[EXERCISE BRIEF] In the entries below, find the line with "Background And HD" and the line with "Саженцы жимолости". Print those two and everything between them exactly, and nothing else.

===== MATERIAL FOR THIS EXERCISE =====

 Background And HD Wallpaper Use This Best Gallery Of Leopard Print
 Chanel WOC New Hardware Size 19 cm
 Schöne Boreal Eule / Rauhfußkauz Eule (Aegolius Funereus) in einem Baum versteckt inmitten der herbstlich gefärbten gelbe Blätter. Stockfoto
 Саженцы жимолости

=====
===== MATERIAL FOR THIS EXERCISE =====

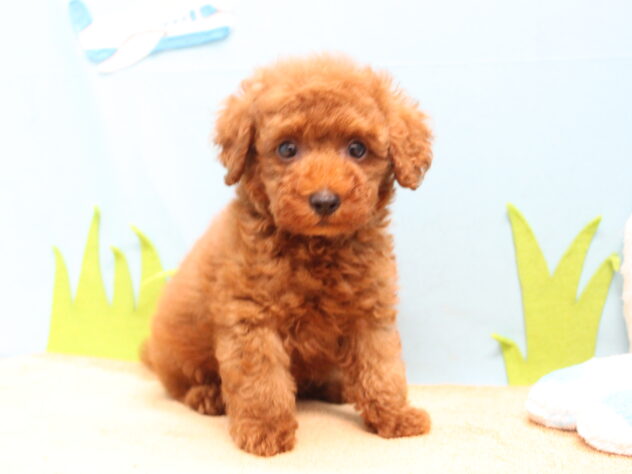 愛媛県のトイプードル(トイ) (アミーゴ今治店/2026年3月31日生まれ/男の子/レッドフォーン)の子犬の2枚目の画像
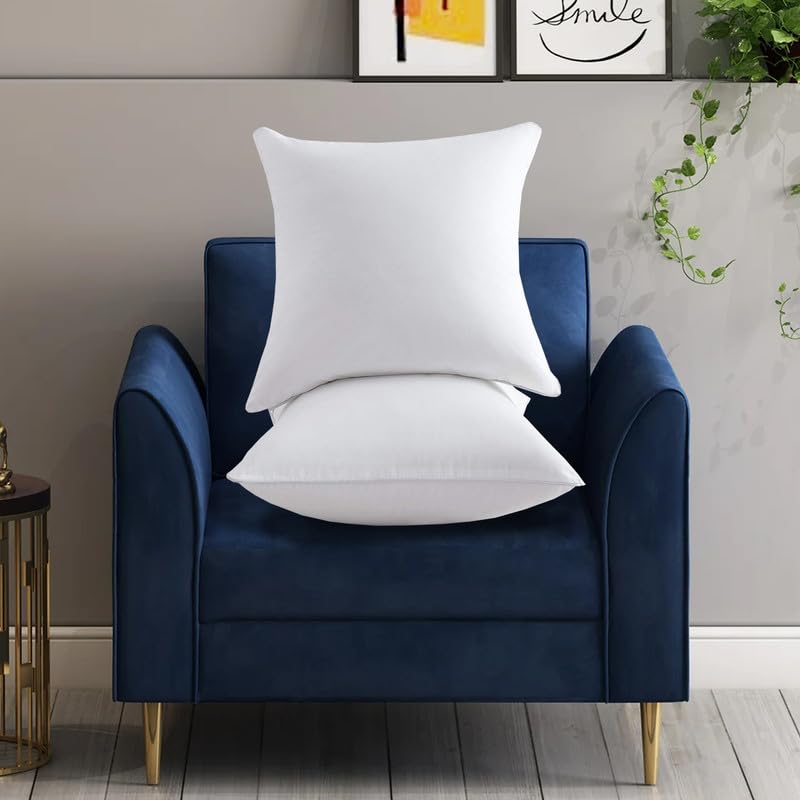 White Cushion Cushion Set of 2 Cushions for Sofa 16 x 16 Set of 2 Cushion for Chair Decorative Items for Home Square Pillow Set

=====

[SOLUTION FOR THIS EXERCISE]
 Background And HD Wallpaper Use This Best Gallery Of Leopard Print
 Chanel WOC New Hardware Size 19 cm
 Schöne Boreal Eule / Rauhfußkauz Eule (Aegolius Funereus) in einem Baum versteckt inmitten der herbstlich gefärbten gelbe Blätter. Stockfoto
 Саженцы жимолости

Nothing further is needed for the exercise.